**Exercise:** Would you please repeat exactly the entries below, starting at the line with "CHCWR Fashion Women" and ending at the line with "glazed decal printing red ceramic mug", and nothing outside that range? Leave out the pictures.

Data for processing: Begin

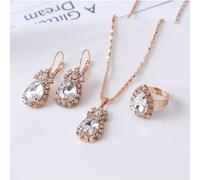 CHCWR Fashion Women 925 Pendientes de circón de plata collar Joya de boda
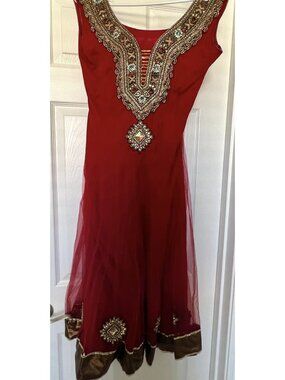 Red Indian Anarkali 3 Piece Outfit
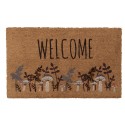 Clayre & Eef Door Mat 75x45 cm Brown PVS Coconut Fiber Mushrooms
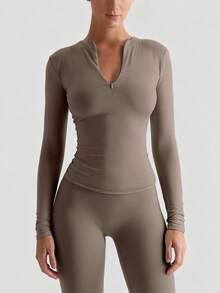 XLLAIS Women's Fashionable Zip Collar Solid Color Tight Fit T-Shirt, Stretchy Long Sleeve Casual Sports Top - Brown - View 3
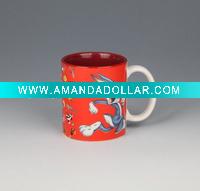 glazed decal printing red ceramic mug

Data for processing: End
Data for processing: Begin

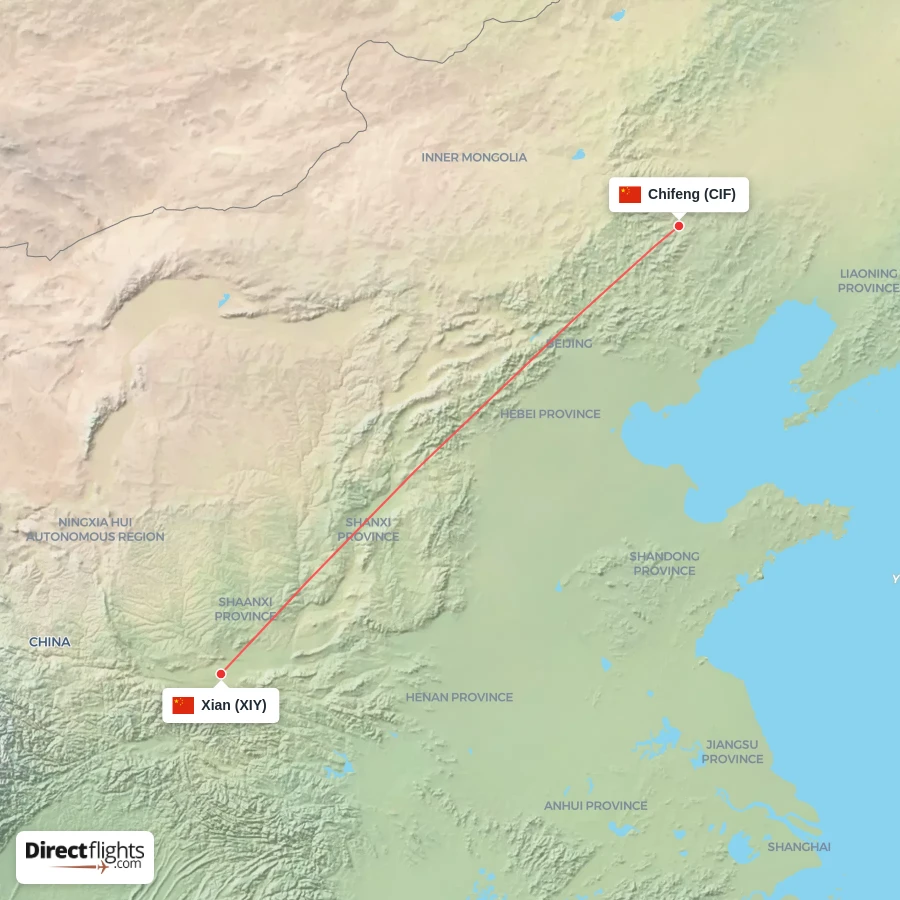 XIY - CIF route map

Data for processing: End

**Your response:**
 CHCWR Fashion Women 925 Pendientes de circón de plata collar Joya de boda
 Red Indian Anarkali 3 Piece Outfit
 Clayre & Eef Door Mat 75x45 cm Brown PVS Coconut Fiber Mushrooms
 XLLAIS Women's Fashionable Zip Collar Solid Color Tight Fit T-Shirt, Stretchy Long Sleeve Casual Sports Top - Brown - View 3
 glazed decal printing red ceramic mug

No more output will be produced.